# DATA IN THIS EXERCISE:
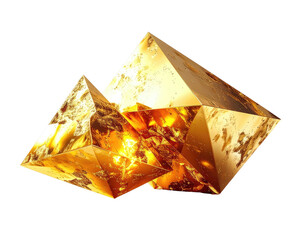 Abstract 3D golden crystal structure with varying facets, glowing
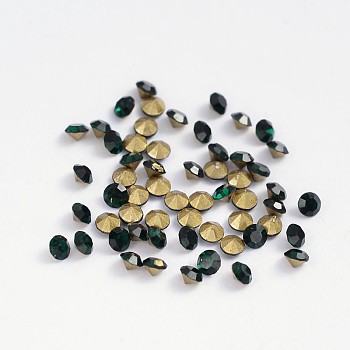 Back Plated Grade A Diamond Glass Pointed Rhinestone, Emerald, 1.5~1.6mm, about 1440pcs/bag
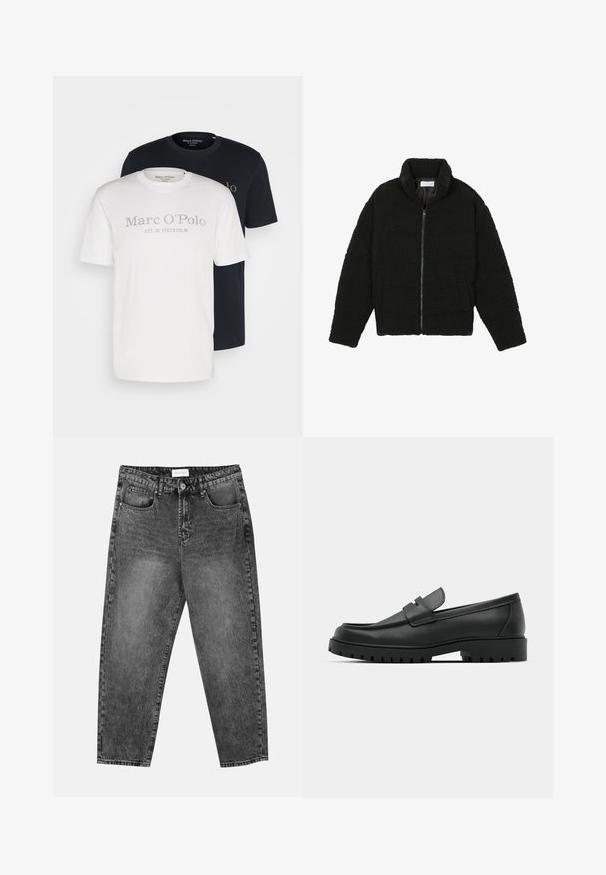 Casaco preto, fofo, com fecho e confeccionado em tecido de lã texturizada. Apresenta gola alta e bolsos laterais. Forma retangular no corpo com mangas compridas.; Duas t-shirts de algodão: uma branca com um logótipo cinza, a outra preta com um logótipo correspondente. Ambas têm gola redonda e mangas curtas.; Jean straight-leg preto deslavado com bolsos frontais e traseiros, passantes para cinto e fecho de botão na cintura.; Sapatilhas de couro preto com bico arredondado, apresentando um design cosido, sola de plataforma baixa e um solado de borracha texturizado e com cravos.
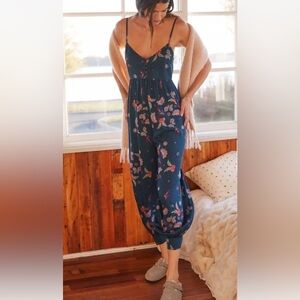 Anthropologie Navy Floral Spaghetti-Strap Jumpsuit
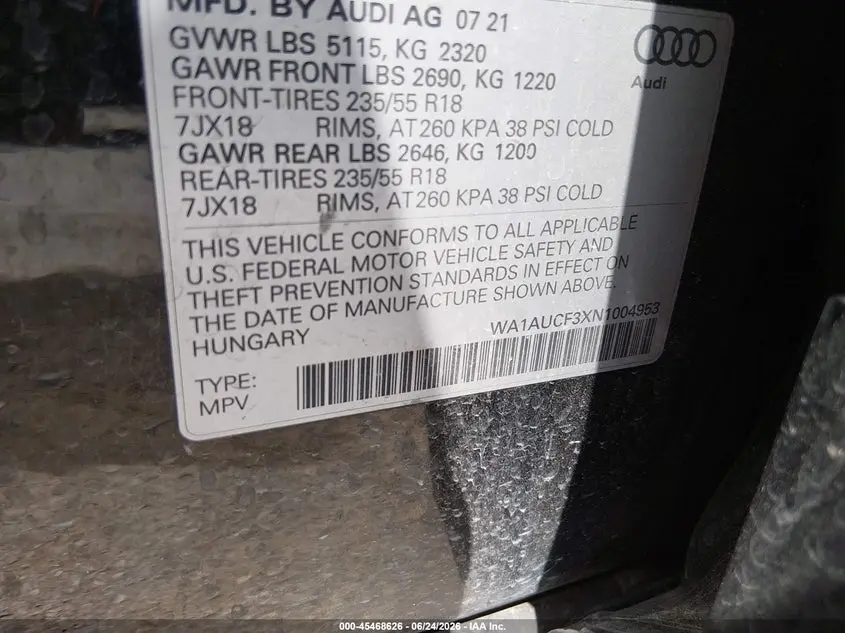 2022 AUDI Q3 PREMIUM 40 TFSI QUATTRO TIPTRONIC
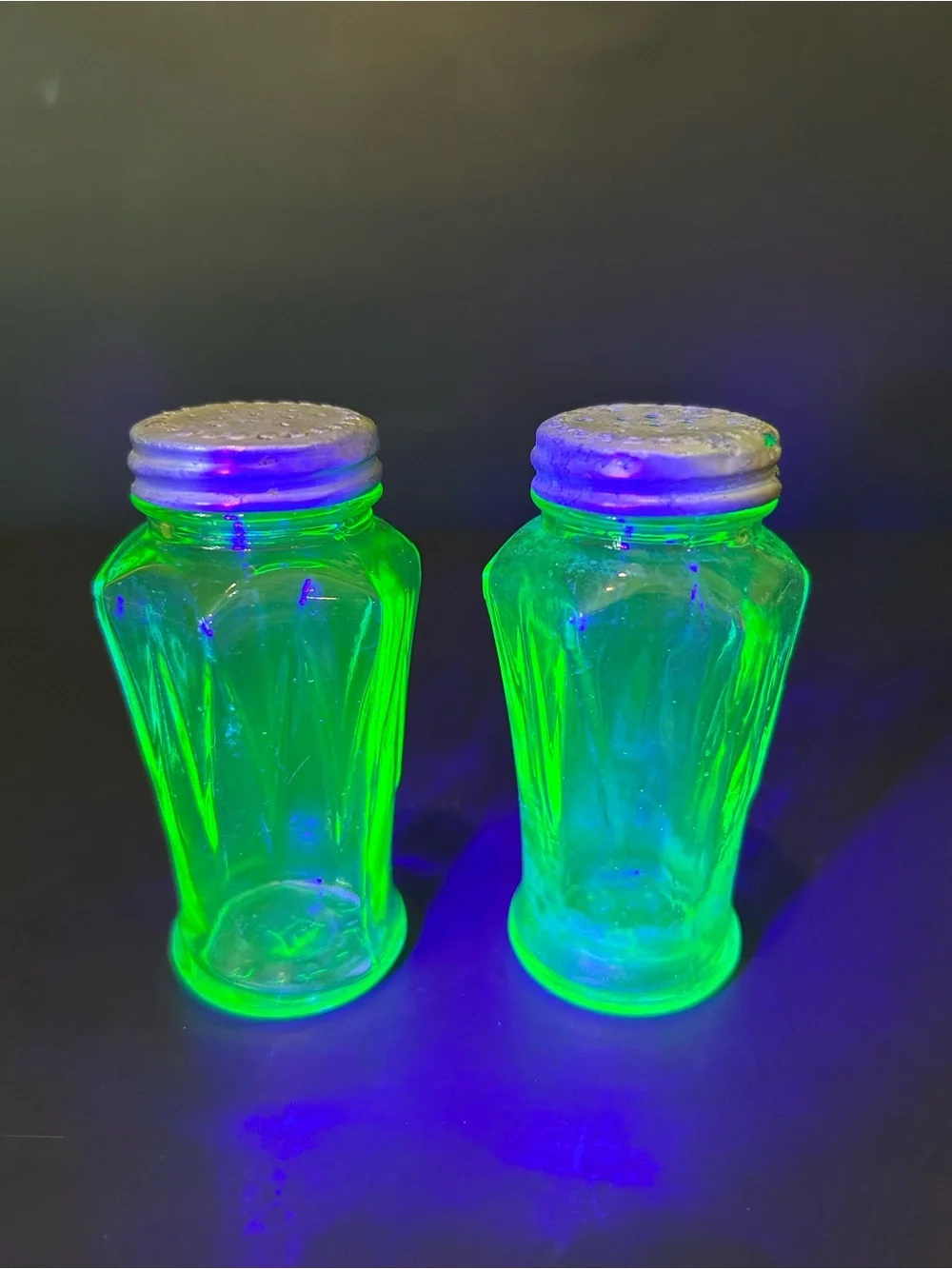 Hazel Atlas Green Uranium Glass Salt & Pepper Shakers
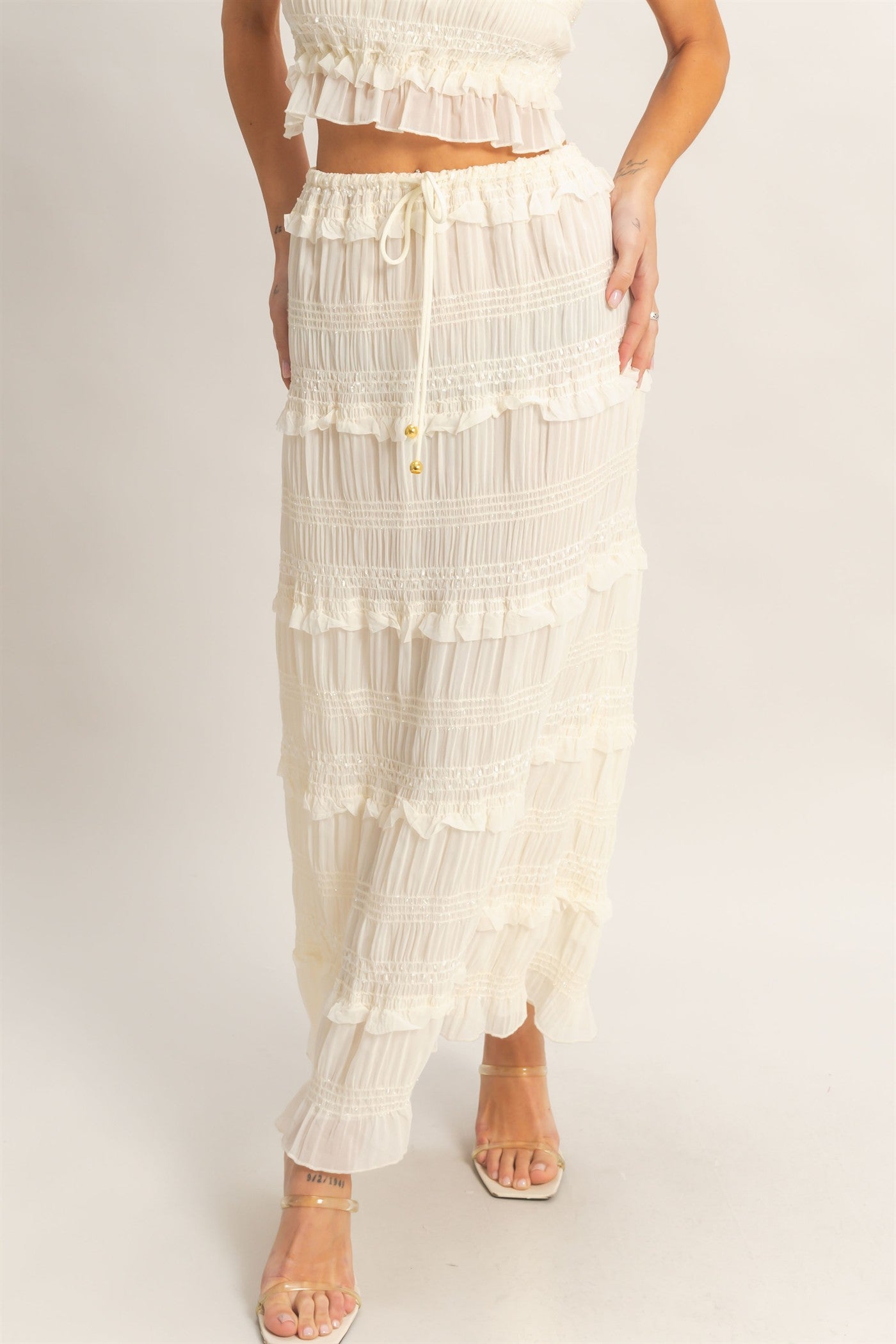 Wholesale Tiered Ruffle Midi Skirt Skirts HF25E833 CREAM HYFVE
...
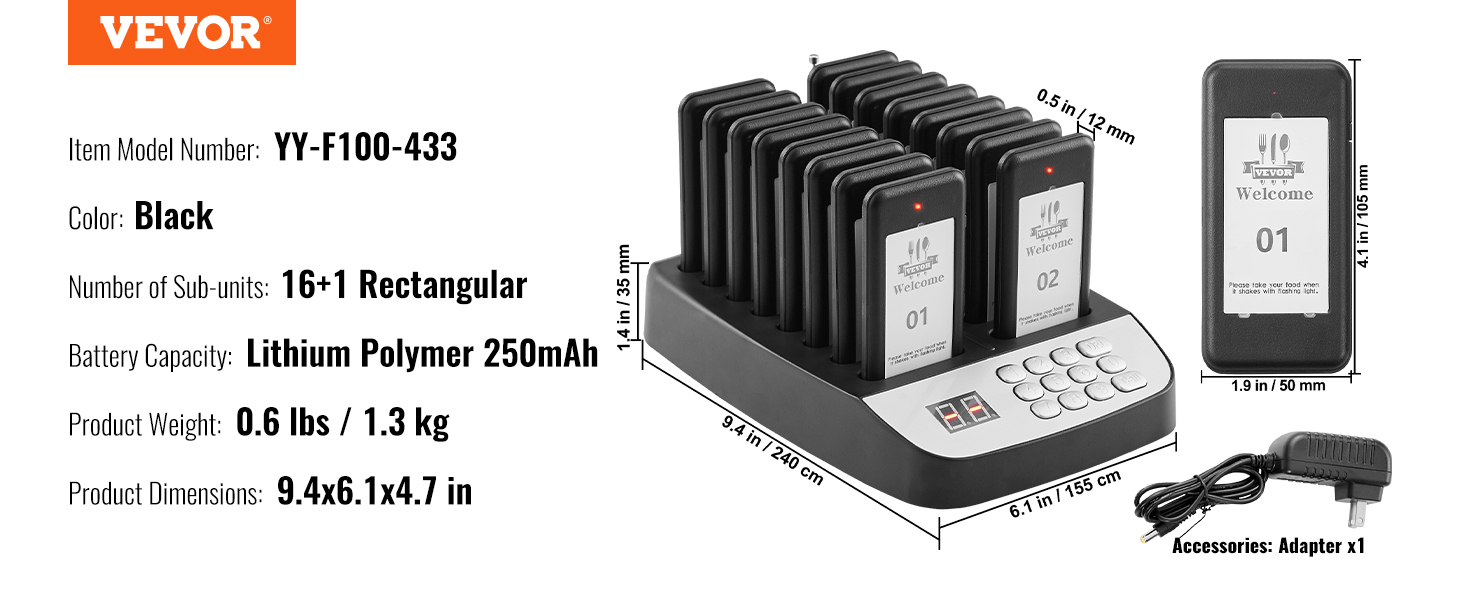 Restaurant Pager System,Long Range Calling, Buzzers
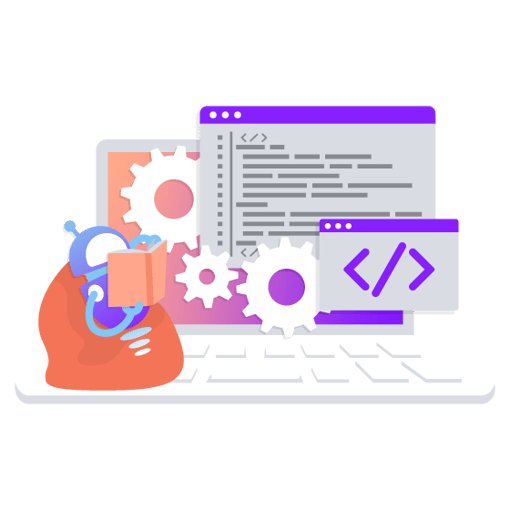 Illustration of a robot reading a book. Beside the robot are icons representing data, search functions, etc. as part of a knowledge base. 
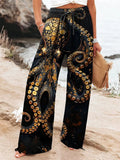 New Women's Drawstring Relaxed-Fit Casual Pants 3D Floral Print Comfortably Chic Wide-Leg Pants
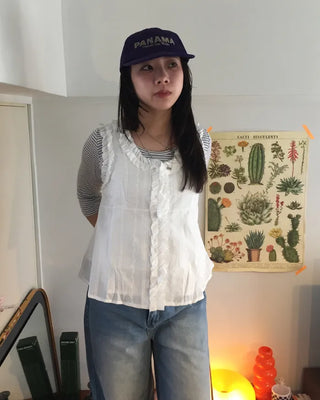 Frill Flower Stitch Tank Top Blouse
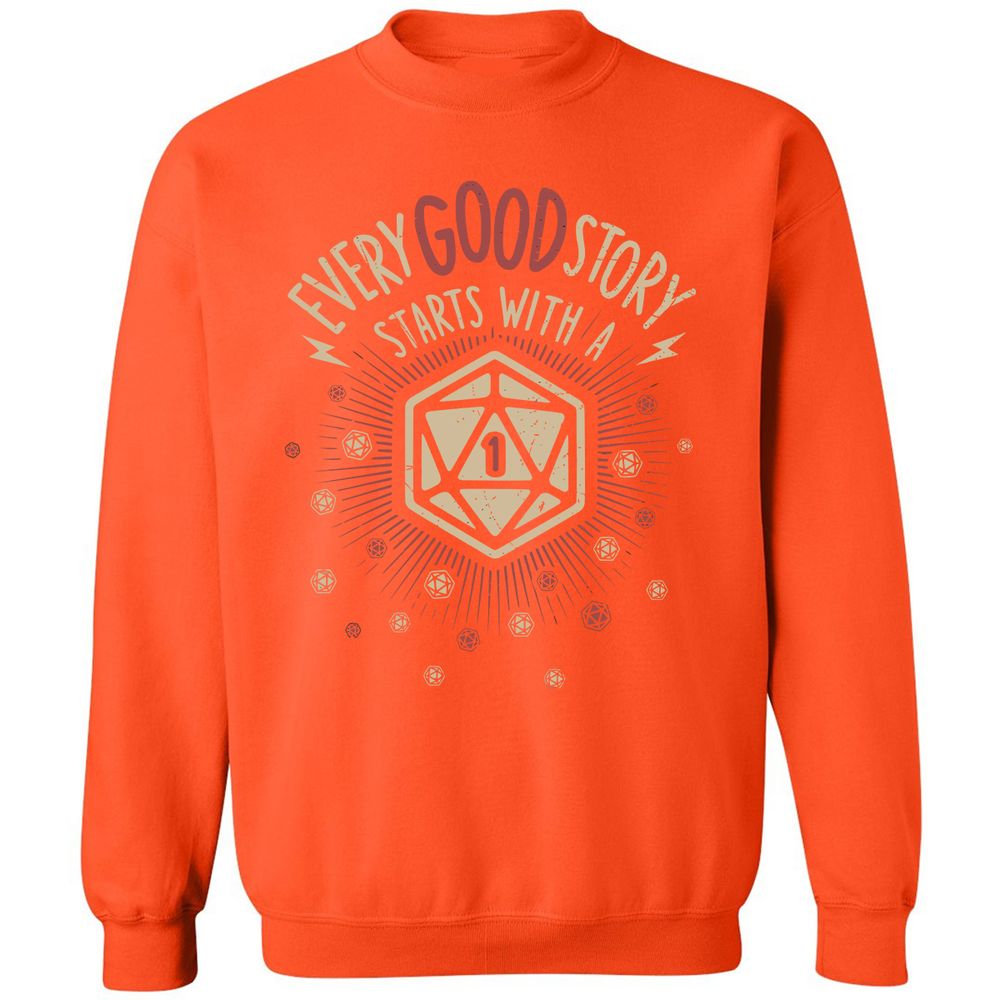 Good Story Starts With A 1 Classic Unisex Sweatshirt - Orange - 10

# WHAT THE EXERCISE ASKS:
Everything from the line with "New Women's Drawstring" through the line with "Good Story Starts" in the material above should be transcribed exactly, except the pictures.

# ANSWER TO THE EXERCISE:
 New Women's Drawstring Relaxed-Fit Casual Pants 3D Floral Print Comfortably Chic Wide-Leg Pants
 Frill Flower Stitch Tank Top Blouse
 Good Story Starts With A 1 Classic Unisex Sweatshirt - Orange - 10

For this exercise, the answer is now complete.